The first ground of reversal relied upon is, that the information does not state facts constituting a public offense. The contention in this regard being, that it is not only necessary to charge that the entering was with an intent to commit a misdemeanor, but that the particular misdemeanor which he intended to commit must be set out. This contention is borne out by numerous authorities which the diligence of counsel has gathered for the information of this court; and we believe it to be the law in most of the states, and that it would clearly be the law here were it not for § 828 of our code. Said section is as follows: "Sec. 828. Every person who shall be guilty of any such unlawful entry or unlawful breaking and entry as described in the next preceding section, shall be deemed to have made such entry or breaking and entry with intent to commit a misdemeanor or a felony, unless such entry or breaking and entry shall be explained by testimony satisfactory to the jury trying the case to have been made for some purpose without criminal intent;" and by virtue of its provisions the prosecution is no longer compelled to prove with what intent the defendant enters, but on the contrary, the unlawful entering having been proved, the intent to commit a crime or misdemeanor is presumed; and this being so, we are unable to see how the accuracy required before such section was enacted can now aid the defendant. The burden of showing the intent with which he entered is, by said section, cast upon him, and he can show such an intent to have been an innocent one as well without the details as to his specific intent as with it. Aided by the section above quoted the information was sufficient.

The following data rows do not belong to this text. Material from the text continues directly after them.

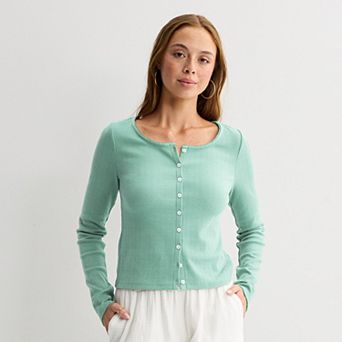 Juniors' SO® Button-Front Pointelle Long Sleeve Top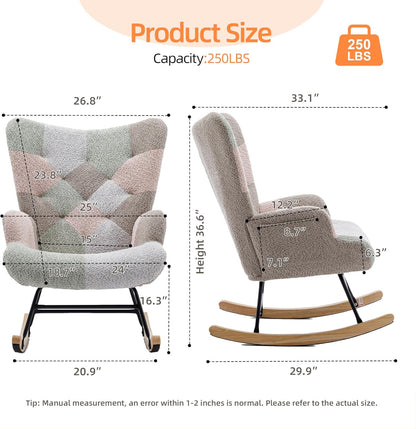 Nursery Rocking Chair Teddy Upholstered Glider Rocker Rocker Accent Chair with High Backrest Armchair Comfy Side Pocket Modern Rocking Accent Chairs for Living Room, Nursery, Office-Green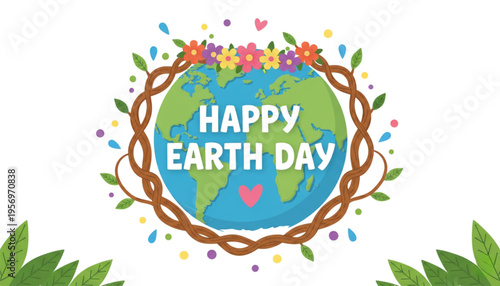 Happy Earth Day Celebration Globe with Flowers and Leaves for Eco Friendly Marketing and Green Business Promotion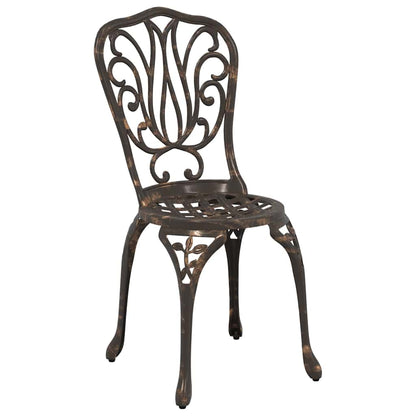 vidaXL Garden Bistro Set 3 pcs Bronze Aluminium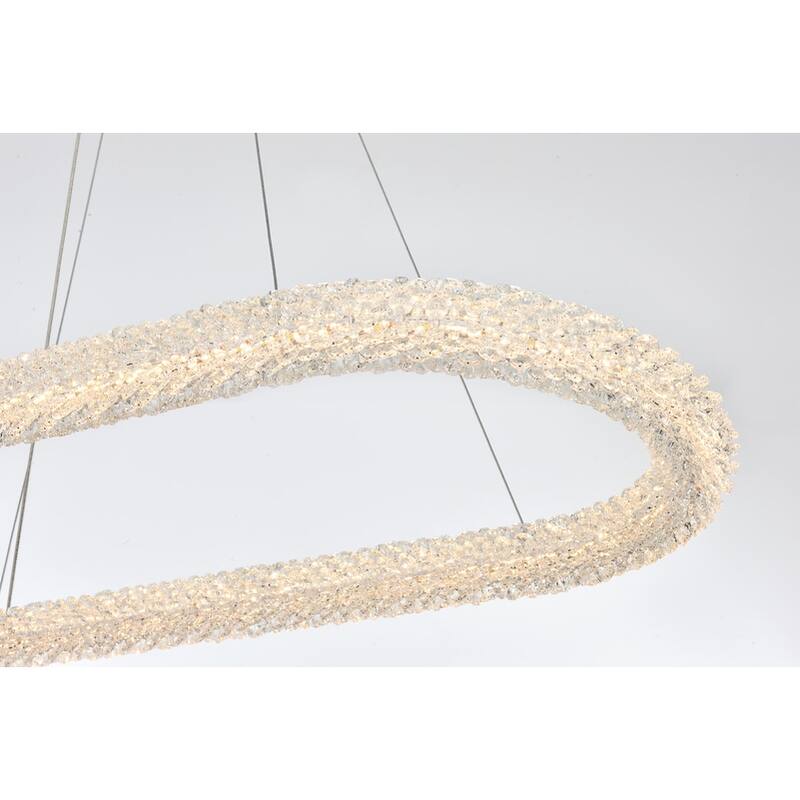 Elegant Lighting 3800D42L1 Bowen 42" Wide LED Crystal Ring Chandelier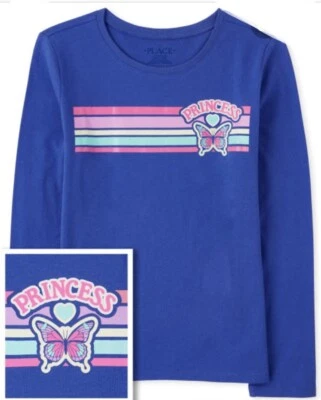 Camiseta The Children’s Place Niñas Talla 4 PRINCESA Gráfica en Azul Nueva con Etiquetas Foto 1 de 2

Aided by the then presumption of criminal intent in burglary cases statute, the court in that early case thus held that it was not necessary to charge the specific crime intended to be committed in the burglarized premises. Thereafter, for over nine decades the law of this state was settled--in burglary cases neither the information, jury instructions nor findings and conclusions were required to designate the specific crime intended. 13

Then recently in Johnson, a divided court held that in a burglary case the specific crime intended to be committed in the premises must be both alleged in the information and included in the instructions as an element of the offense. Depending on how the majority opinion is read, it either strongly indicated or else held outright that such intent is an element of the offense. As we now read that opinion, the majority's holding in this regard is primarily premised on: (1) ...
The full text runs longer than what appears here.